There are ways to bypass DKIM protections by sending invalid messages. As one example, if you send multiple copies of the From: header with different values a DKIM checker will only check the first one. A mail client will only display one of them – maybe the first, maybe the last. If it displays the last then an attacker can send validly DKIM-signed and DMARC-authenticated mail with the attackers email address in the From field.
This is – obviously – a problem. For the specific case of duplicate headers we can mitigate it by “oversigning” headers, to break the DKIM signature if an attacker adds additional headers. That’s just a band-aid defence against a specific attack, though.
There are many other potential attacks that rely on sending messages that look almost like email, but which aren’t syntactically valid in some way.

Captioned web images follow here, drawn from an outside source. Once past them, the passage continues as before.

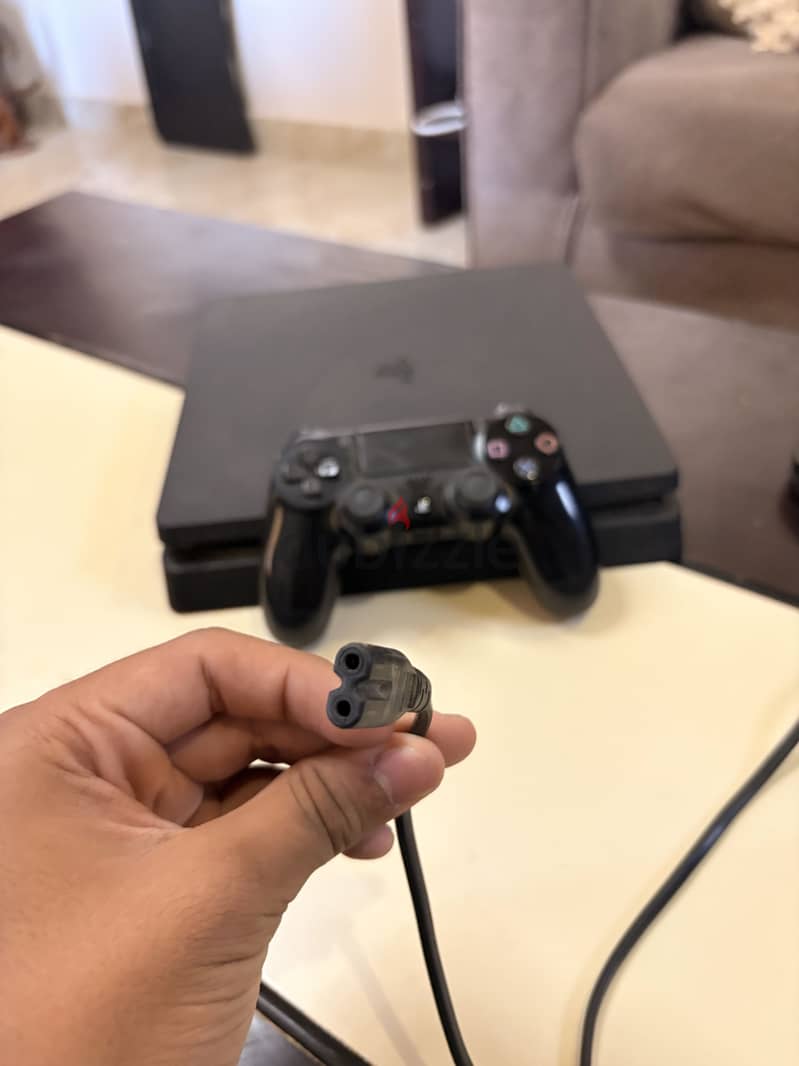 PlayStation 4 slim used ksa version 4 games 4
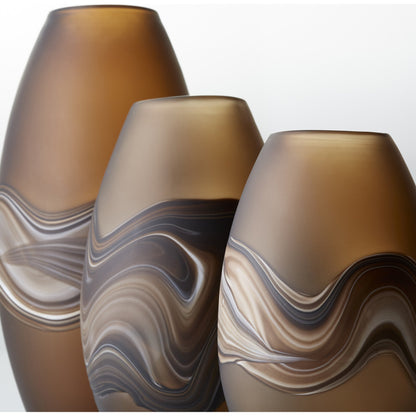 Nina Vase by Cyan Design in amber swirl. Made from glass in a modern style.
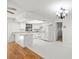 Bright, all white kitchen with lots of cabinet space and granite countertops at 2233 Curlew Rd, Dunedin, FL 34698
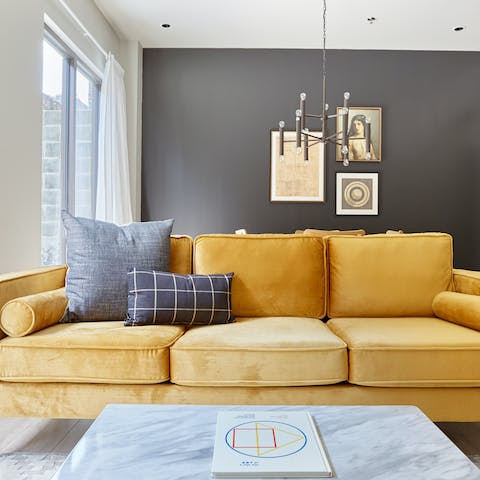 Unwind on the large mustard sofa with an evening cocktail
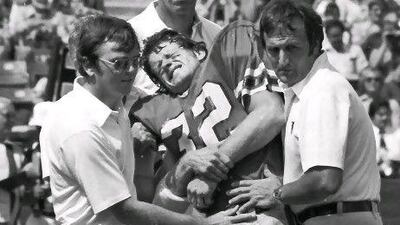 The Atlanta Falcons' Ray Easterling, centre, grimaces while aided by team trainers after getting injured.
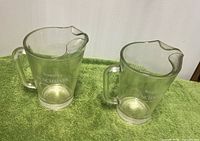 Two Seagram's Benchmark pitchers side view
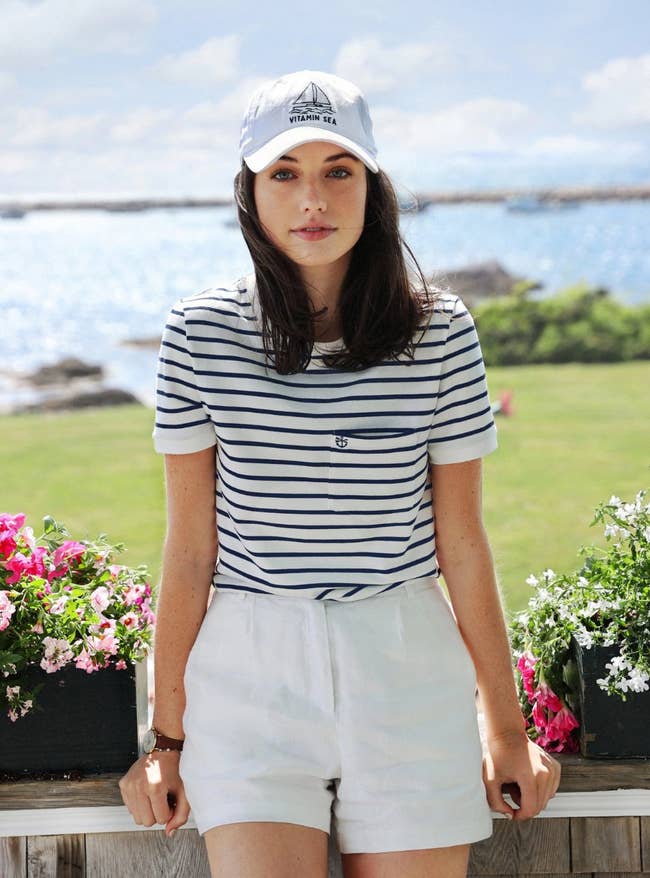 Model is wearing the white linen shorts with a white and navy blue striped tee and white cap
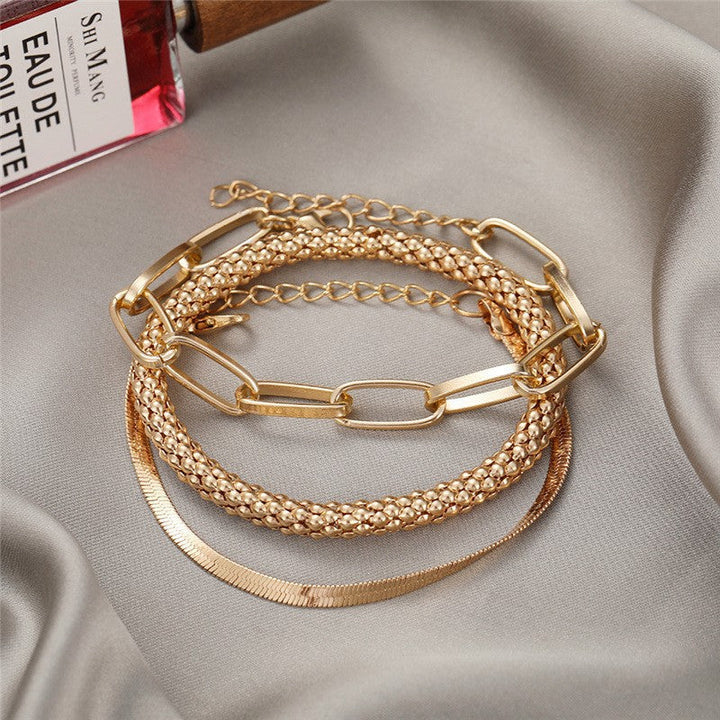 Stylish layered chain bracelet set for women, adjustable, with diverse textures and finishes.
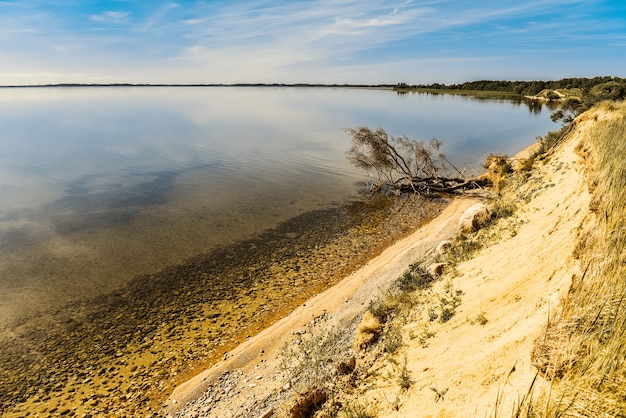 Majestueus zeegezicht met een zandige kustlijn onder een blauwe bewolkte hemel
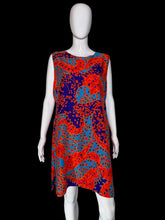 Load image into Gallery viewer, A sleeveless A-line dress with a vibrant red, orange, and blue paisley pattern, displayed on a white mannequin.
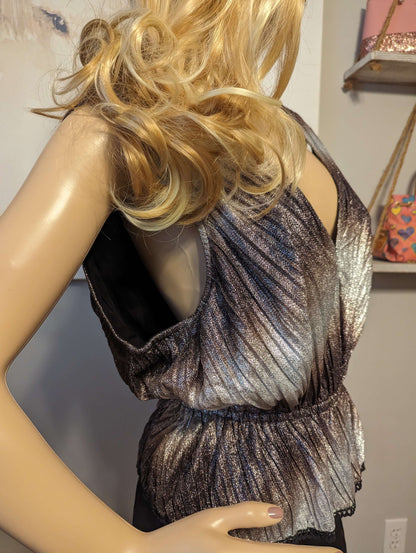 Letmebe hand crafted shimmery topDazzle in Letmebe's shimmery handcrafted top. Perfect fit with a cinched waist & stretch, comfortably lined. Shop now for a stunning look!$125.00Boston304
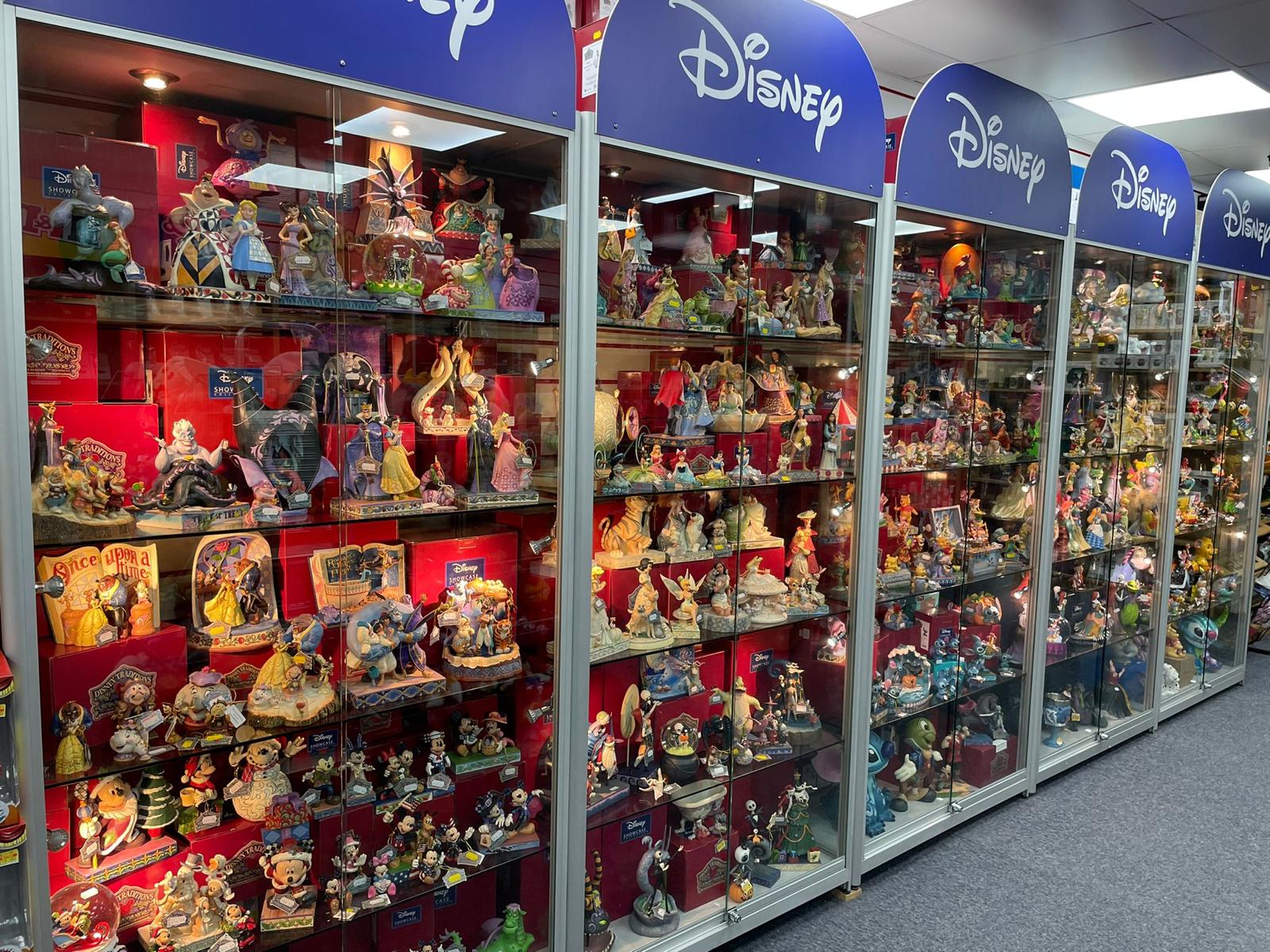 Display shelf featuring rare and limited edition Disney Traditions collectibles by Jim Shore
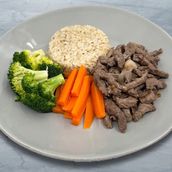 Beef Strips In Onions Brown Rice Broccoli And Carrot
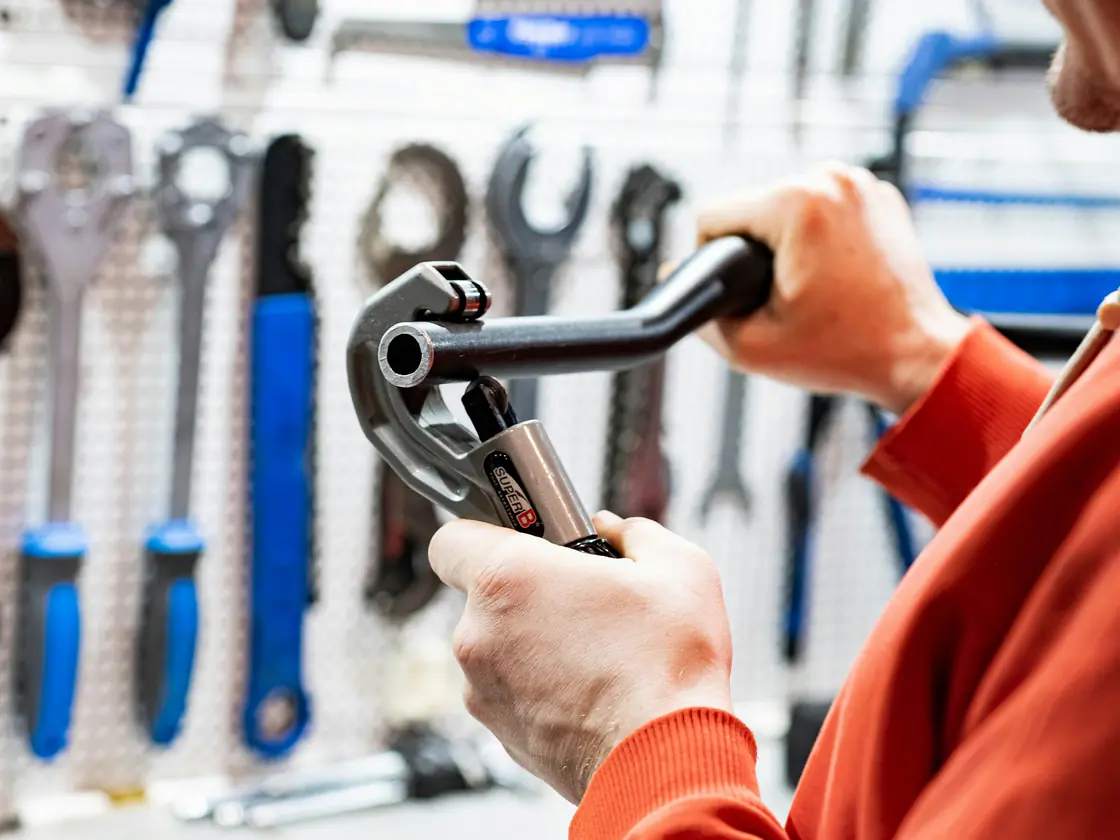A tradesman holding a pipe wrench in front of a wall of tools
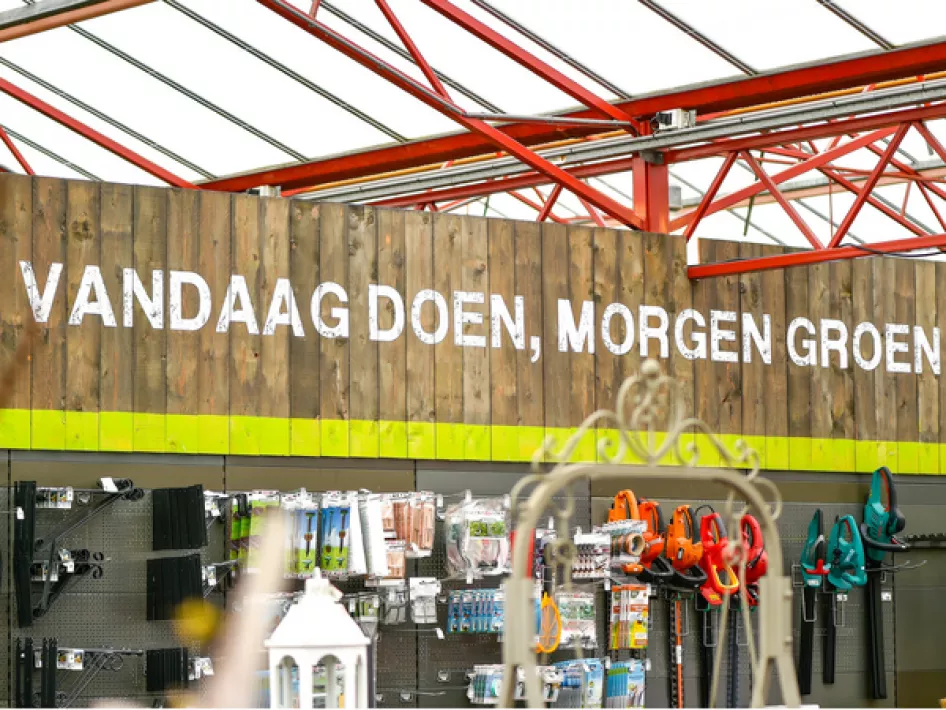 Een houten wand met de tekst "VANDAAG DOEN, MORGEN GROEN" in witte letters, onderdeel van een tuinwinkel met op de voorgrond diverse tuinartikelen en gereedschap, zoals snoeischaren en accessoires.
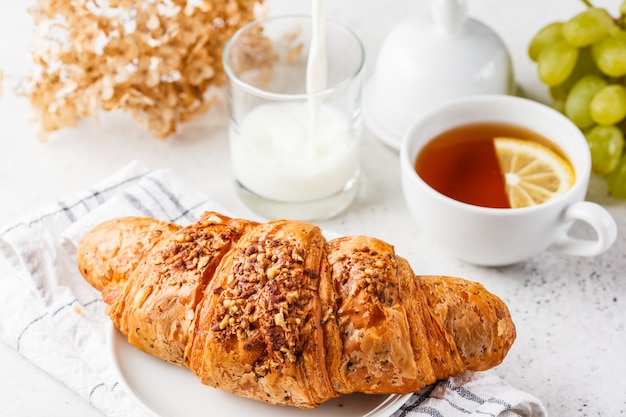 Croissant et thé pour le petit déjeuner sur fond blanc.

They mostly rely on the email being parsed by two different systems – the authentication checkers parse the email one way, and the metadata they extract is used to show that the message is validly authenticated, while the mail client parses the email a different way and ends up displaying different – unauthenticated – metadata to the recipient.
There’s not really any way to avoid the email being parsed multiple times, so what we need to do to fix this is to make sure it’s parsed the same way each time. And the only good way to do that is to parse it strictly against the grammar specified by the email RFCs.
As a mailbox provider what should we do with mail that violates that grammar? Treat it as unauthenticated? Drop it in the junk folder? Reject it altogether? Some mix of those?
The DKIM RFC said in 2011:
It is up to the Identity Assessor or some other subsequent agent to act on such messages as needed, such as degrading the trust of the message (or, indeed, of the Signer), warning the recipient, or even refusing delivery.
All components of the mail system that perform loose enforcement of other mail standards will need to revisit that posture when incorporating DKIM, especially when considering matters of potential attacks such as those described.
RFC 6376 #8.15
Mailbox providers are increasingly bearing this in mind.
I’ll be back Monday to talk about the syntax of addresses in email headers, which is where all this started thanks to a discussion on the M3AAAWG Slack last night.
I’m glad they’re making the parsing stricter, but it’s really ironic that it’s Microsoft doing this. Look at any message sent from O365 or Exchange and you’ll see a big pile of invalid headers, particularly Received. Their From headers have been OK as far as I can remember.